This past Friday over 500 students from Hope Africa University received their diplomas! Seventy-nine of the graduates were from the School of Medicine! It was a proud day for them, their families and for all who have given to their education though teaching, mentoring, modeling and financial means.
It was a great day of celebration and ceremony. The parking lot became the scene for the commencement filled with tents and chairs and the podium in the middle. Everyone was attired in festive clothes as families gathered to witness this day of honor and culmination. Photos were taken before, during and after capturing the moment that will not be forgotten
After the graduates had all walked in and taken their seats the ceremony was officially open with prayer, the national anthem, and the traditional Burundi drummers.

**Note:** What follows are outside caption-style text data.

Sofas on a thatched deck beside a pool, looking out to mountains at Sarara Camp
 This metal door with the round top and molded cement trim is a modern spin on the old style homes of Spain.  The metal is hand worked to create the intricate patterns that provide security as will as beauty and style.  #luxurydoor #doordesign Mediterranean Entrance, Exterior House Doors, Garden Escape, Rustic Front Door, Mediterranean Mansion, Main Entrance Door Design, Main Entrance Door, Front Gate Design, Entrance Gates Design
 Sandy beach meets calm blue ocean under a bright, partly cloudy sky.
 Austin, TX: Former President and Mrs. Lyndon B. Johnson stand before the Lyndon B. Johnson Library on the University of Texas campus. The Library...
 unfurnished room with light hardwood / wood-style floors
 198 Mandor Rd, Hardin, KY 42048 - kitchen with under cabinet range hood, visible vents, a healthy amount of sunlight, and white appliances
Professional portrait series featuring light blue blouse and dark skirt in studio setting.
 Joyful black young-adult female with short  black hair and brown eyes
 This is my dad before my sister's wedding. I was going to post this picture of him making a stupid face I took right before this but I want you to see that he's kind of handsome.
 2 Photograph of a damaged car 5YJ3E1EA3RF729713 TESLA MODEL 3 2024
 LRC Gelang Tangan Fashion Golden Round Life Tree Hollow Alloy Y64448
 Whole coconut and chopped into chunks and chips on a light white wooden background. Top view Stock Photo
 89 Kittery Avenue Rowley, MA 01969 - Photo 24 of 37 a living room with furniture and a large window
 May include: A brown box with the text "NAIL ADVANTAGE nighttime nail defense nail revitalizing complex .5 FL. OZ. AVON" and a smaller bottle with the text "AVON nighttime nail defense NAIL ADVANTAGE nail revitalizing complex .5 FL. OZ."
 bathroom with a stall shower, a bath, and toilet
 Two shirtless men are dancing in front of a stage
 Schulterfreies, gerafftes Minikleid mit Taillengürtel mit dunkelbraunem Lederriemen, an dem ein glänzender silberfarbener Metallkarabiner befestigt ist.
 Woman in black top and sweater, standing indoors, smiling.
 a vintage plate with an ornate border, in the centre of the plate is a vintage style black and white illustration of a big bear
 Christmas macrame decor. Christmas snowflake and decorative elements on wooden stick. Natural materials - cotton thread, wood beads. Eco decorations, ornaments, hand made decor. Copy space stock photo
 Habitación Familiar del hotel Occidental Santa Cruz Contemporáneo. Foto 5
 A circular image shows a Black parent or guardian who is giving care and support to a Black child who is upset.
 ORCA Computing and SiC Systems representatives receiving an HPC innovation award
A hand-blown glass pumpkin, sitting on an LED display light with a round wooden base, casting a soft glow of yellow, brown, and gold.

There were speeches by all the important dignitaries—rector, head of the board, bishop, government education official, student body president—and several songs by a choir. One of the highlights (aside from the drummers who are always a highlight) was a performance of singing and dancing by a group of students representing the 19 different countries present at HAU. Their energy and gratitude was evident and complimented by the rest of the student body that join in singing with them.
It’s been a long road for these graduates, filled with failures and successes, trying times of learning, new experiences and many challenges. All of which made this day even more rewarding and joy-filled. For Randy, and the other Kibuye ex-pat. doctors, it was especially gratifying as they have taught these students over the last four year—the majority of their clinical/medical courses. This is the largest group of doctors they have graduated because it’s the combination of two programs that have been combined by the government (those who started on a 7-year program and those who then had a 6-year program as the government changed the medical program to be in line with the East African Union post-graduate degrees). They have nurtured their learning, encouraged their growth and facilitated their progress in a myriad of ways that can easily be overlooked. But on this day all those efforts paid off and joined in the applause with smiles and the best kind of pride.
The day after the graduation there was a party for the medical students (which they organized, set-up and officiated). It was such a pleasure to see them able to assemble together as a class or group one last time, to congratulate one another, to thank those who had lead the way for them to become doctors and to savor this moment of completion.
For those of us who have come to Burundi, responding to God’s call to help raise up “a generation of societal leaders”, it was a sweet, sweet day indeed. One we will savor as a testimony to God’s faithfulness whenever there are discouragements with the surety of HOPE.